--- Data block ---
····················

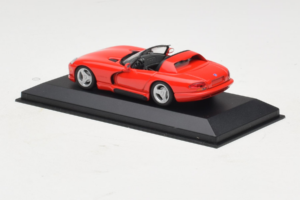 Dodge Viper RT/10 Kabriolets Sarkans Minichamps 1:43 430144032 Metāls — attēls 3 no 4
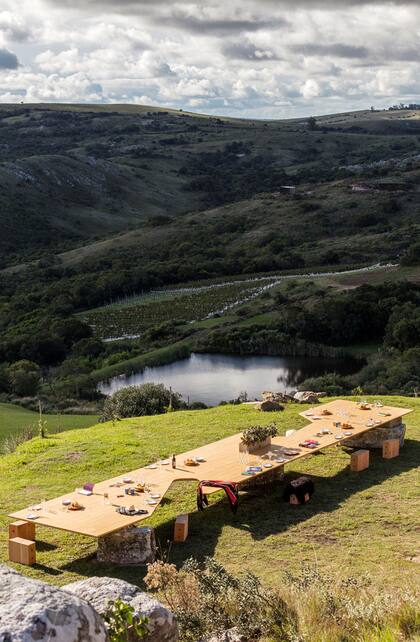 La mesa comunitaria y con vista a las sierras de Sacromonte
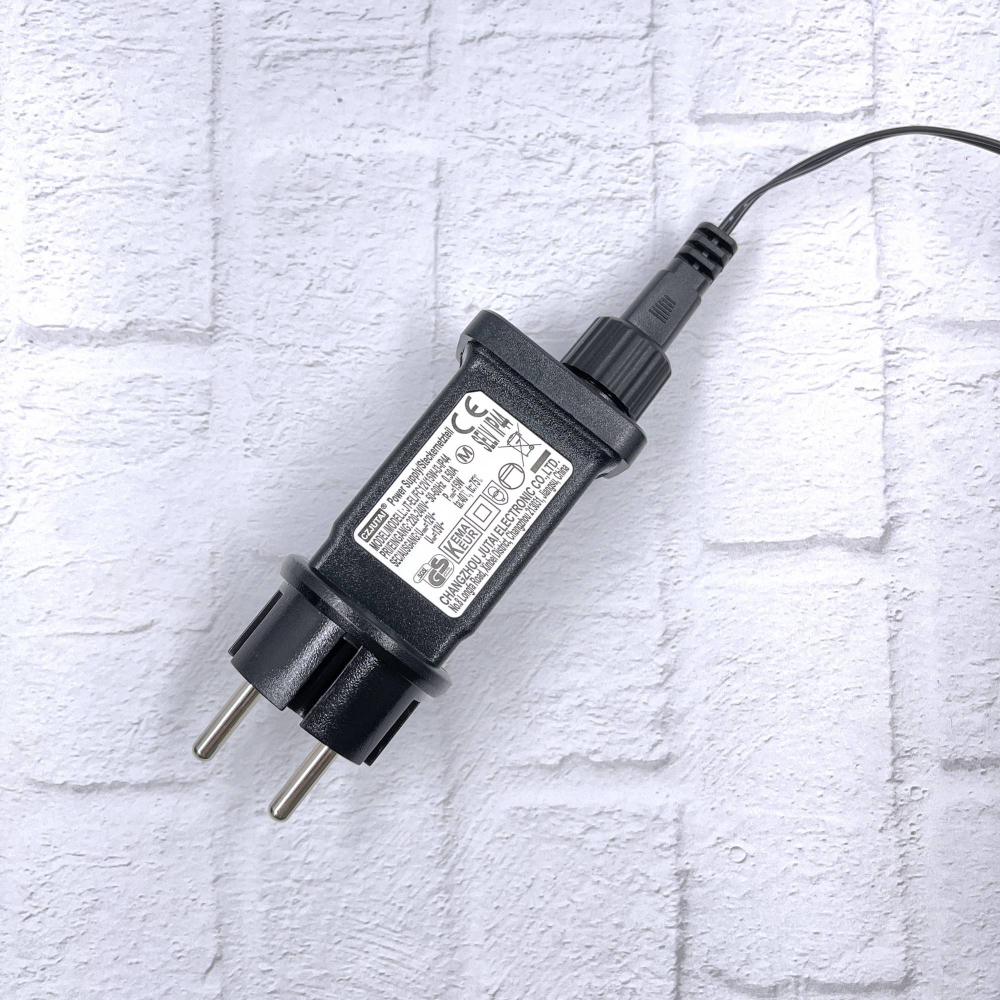 Светодиодная нить кластер 960 теплых белых ламп, 6 м., 8 режимов, зеленый провод, Christmas DeLuxe (87448)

····················

Write out the data exactly, and exclude every picture it holds.

 Dodge Viper RT/10 Kabriolets Sarkans Minichamps 1:43 430144032 Metāls — attēls 3 no 4
 La mesa comunitaria y con vista a las sierras de Sacromonte
 Светодиодная нить кластер 960 теплых белых ламп, 6 м., 8 режимов, зеленый провод, Christmas DeLuxe (87448)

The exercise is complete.